What are GANs and what real-world purposes do they serve? “Edmond de Belamy” is a GAN-produced portrait. It became the world’s first piece of art created by AI to be sold at a Christie's auction.
GAN stands for “generative adversarial network.” GANs are a class of machine learning frameworks that were invented by Ian Goodfellow during his PhD studies at the University of Montreal.
What’s so interesting about them? Before GANs, deep learning has been making progress mostly thanks to discriminative models - that is, roughly speaking, models that are able to tell things apart (as in AI being able to tell apples from oranges). Models that replicate things - generative models - were difficult to create for a variety of reasons.
Ian Goodfellow and his colleagues attempted a fresh take on the problem. They thought, “What if we let a generative model learn off of a discriminative model through an adversarial process?” (The term “adversarial” points to the fact that there is some competition involved.)
In a GAN, we have two models, the Generator (G) model and the Discriminator (D) model, that are being trained simultaneously. They compete against each other in a sense that model G tries to emulate real-world samples as closely as possible, while model D tries to predict whether the sample it’s looking at came from the training set or was created by model G.
When model G becomes so good that model D can no longer tell fakes from original samples, it’s game over and the equilibrium has been reached.
The evolution of GANs
Since their inception in 2014, generative adversarial networks have come a long way in their development. Modern GAN programs are able to produce data that is so realistic-looking, it gives you the chills:
When Ian Goodfellow and his colleagues described the first-even GAN framework, they put the idea out there for the larger machine learning community to build upon. This led to researchers and engineers hopping on the bandwagon and creating their own models.

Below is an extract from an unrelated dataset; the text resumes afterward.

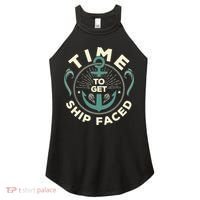 Time To Get Ship Faced Funny Cruise Women's Perfect Tri Rocker Tank thumb 0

These days, the world of GANs is a diverse ecosystem where one finds tons of frameworks that take inspiration from the original Generative Adversarial Network. In fact, if you saw some particularly exciting AI applications in the past five years, they were very likely powered by GANs.
Let’s look at some interesting examples.
Popular GAN models and architectures
1. Facebook’s ExGAN
Exemplar Generative Adversarial Networks, or ExGANs, were created by Brian Dolhansky and Cristian Canton Ferrer from Facebook.
ExGAN is sometimes called an “eye-opening GAN” because the paper that introduced it focused “on the particular problem of eye in-painting.” What the GAN does is it learns from exemplar data what the person’s eyes normally look like when open. This allows it to programmatically replace a particular person’s closed eyes with their open eyes in an image.
Needless to say, the capability can come useful in photo editing apps and similar software.
2. FSGAN (Face Swapping GAN)
FSGAN was developed by the Bar-Ilan University and the Open University of Israel. It’s a GAN used for face swapping and reenactment. One of the main benefits of this method is that it does not require prior training and can be used on any pair of people in real time.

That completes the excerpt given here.